Baltimore Bridge Collapses After Being Hit by Ship

March 26, 2024
Baltimore City Fire Chief James Wallace said approximately 20 people and multiple cars were likely to have fallen in the river

The Francis Scott Key Bridge in Baltimore collapsed into the Patapsco River after being hit by a large containership, sending vehicles and at least 20 people into the water, including six construction workers. Police are treating this as a mass-casualty incident, according to Baltimore City Fire Chief James Wallace.

Wallace said the bridge was struck by a box ship at around 1:30 a.m. 

“We are still very much in an active search and rescue posture at this point and will continue to be for some time,” Wallace said.

Maryland Gov. Wes Moore declared a state of emergency Tuesday morning.

“We are thankful for the brave men and women who are carrying out efforts to rescue those involved and pray for everyone’s safety,” he said in a statement.

Two people had been pulled from the water, according to the Baltimore fire department. One was treated for serious injuries. Multiple vehicles were on the bridge at the time of the collapse. Authorities were using sonar and infrared technology to determine how many cars were in the water.

The Maryland Transportation Authority issued a traffic advisory asking motorists to use Interstate 95 and Interstate 895 as alternate travel routes.

I-695’s outer loop is closed at Maryland Route 10 (exit 2), and the inner loop is closed at Maryland Route 157/Peninsula Expressway (exit 43), the authority said shortly before 7 a.m.

Lanes headed to the Key Bridge were closed in both directions, and authorities were rerouting traffic after the collision.

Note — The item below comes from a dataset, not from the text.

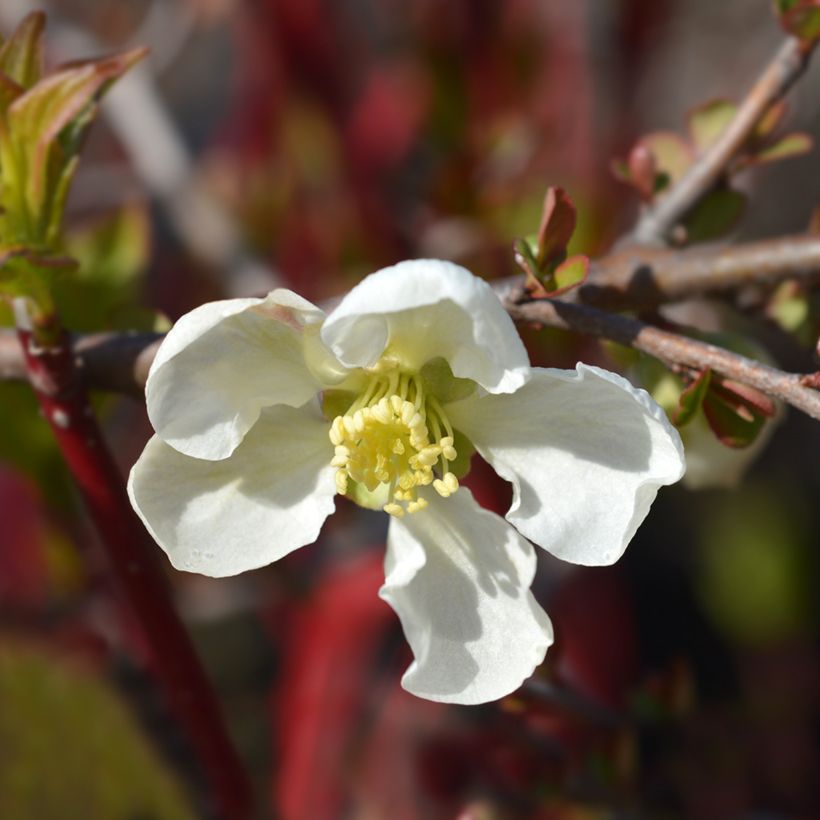 Membrillero del Japón Jet Trail - Chaenomeles superba (Floración)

The bridge is the entryway to the Helen Delich Bentley Port of Baltimore. Some 800,000 vehicles passed through the port in 2023.

According to Coast Guard officials, the collapse will have ripple effects on the port’s operations that could last for months.

The Singaporean containership, called the Dali, was on its way to Sri Lanka when it struck the bridge. It remains stuck under the bridge with all crew still on board.

The main span of the bridge was built in 1977, and is roughly 1,200 feet, making it one of the longest continuous trusses in the world, according to the State of Maryland website.

The bridge itself spans a total of 1.6 miles, but the overall structure covers approximately 11 miles.